W ciągu kilku nabliższych dni własnością ZGWŻ w Warszawie ma stać się Pływalnia Miejska przy ul. Wronieckiej w Poznaniu, w budynku której jeszcze przed wojną mieściła się synagoga. O kontrowersjach związanych z tą restytucją pisaliśmy w ubiegłym tygodniu. Dowiedzieliśmy się wówczas, że wniosków o zwrot, w ręce Związku Gmin Wyznaniowych Żydowskich, budynków, gruntów i innych nieruchomości w centrum Poznania jest zdecydowanie więcej. - Jakie wnioski i jakich nieruchomości one dotyczą to tajemnica i nic nie mogę w tej sprawie powiedzieć - mówi Alicja Kobus, przewodnicząca poznańskiej filii Związku Gmin Wyznaniowych Żydowskich.

Tymczasem, jak udało nam się ustalić, ZGWŻ w Warszawie domaga się kategorycznie zwrotu m.in. nowoczesnego, wyposażonego zgodnie z europejskimi standardami budynku Polskiej Akademii Nauk przy ul. Wieniawskiego. Jeszcze przed wybuchem II wojny światowej w tym miejscu znajdował się szpital żydowski. Obecnie w świeżo wybudowanym budynku PAN, oprócz szeregu skomputeryzowanych pracowni naukowych i pomieszczeń badawczych, znajduje się bodajże największa w Poznaniu sala kongresowa.
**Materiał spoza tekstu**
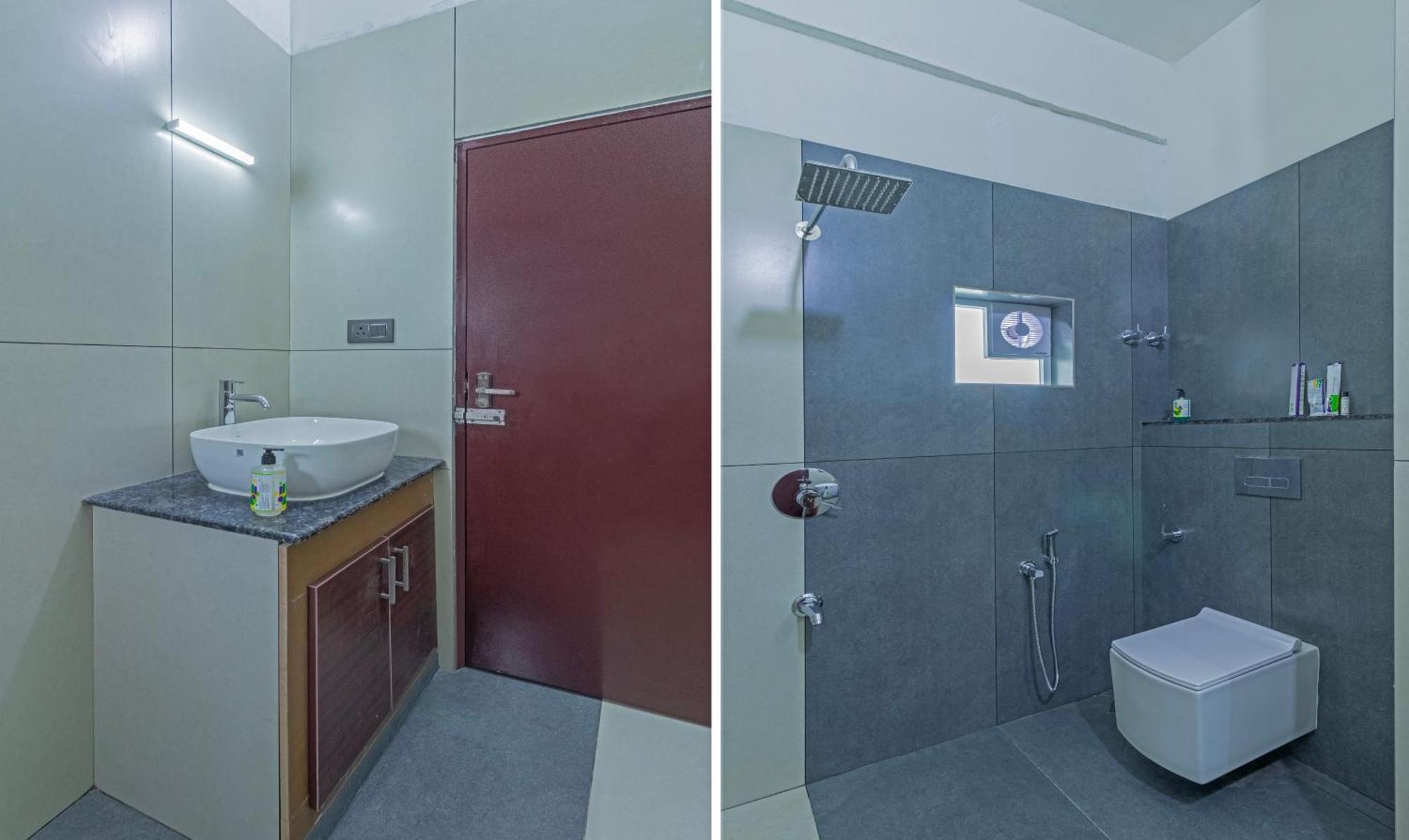Treebo Amigos Residency Cochin Airport Hotel Kochi Ngoại thất bức ảnh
- Dokładnie sprawdzamy wszystkie prawa do własności gmin żydowskich, przede wszystkim polega to na sprawdzaniu dawnych archiwów, ksiąg wieczystych i innych dokumentów - mówi wiceprezydent Przemysław Smulski. - W przypadku tego budynku postępowanie regulacyjne jest w toku - zapewnia.

Komisja Regulacyjna ds. Gmin Wyznaniowych Żydowskich w Warszawie wszczęła już postępowania o zwrot, oprócz budynku pływalni i siedziby PAN, kolejnych nieruchomości położonych w ścisłym centrum Poznania, m.in. budynku obecnego Archiwum Państwowego przy ul. Stawnej 10 (rabinat), niezabudowanego placu przy ul. Szewskiej 4-6, na którym dawniej mieściła się tzw. "stara synagoga", kompleksu mieszkalnego przy ul. Żydowskiej 15-19, dawniej - żydowskiego Domu Starców oraz gruntu niezabudowanego przy ul. Stawnej 11. - Jeżeli chodzi o plac przy ul. Stawnej, to złożyliśmy wniosek o umorzenie postępowania, nie spełnia on bowiem wymogów ustawy. Zarząd miasta wyraził natomiast zgodę na przekazanie prawa własności związkowi do części takich nieruchomości jak Pływalnia Miejska oraz plac po "starej synagodze" przy ul. Szewskiej - mówi Przemysław Smulski. - Przygotowaliśmy również projekt ugody odnośnie budynku obecnego Archiwum Państwowego. W pozostałych przypadkach toczy się jeszcze postępowanie regulacyjne - dodaje wiceprezydent.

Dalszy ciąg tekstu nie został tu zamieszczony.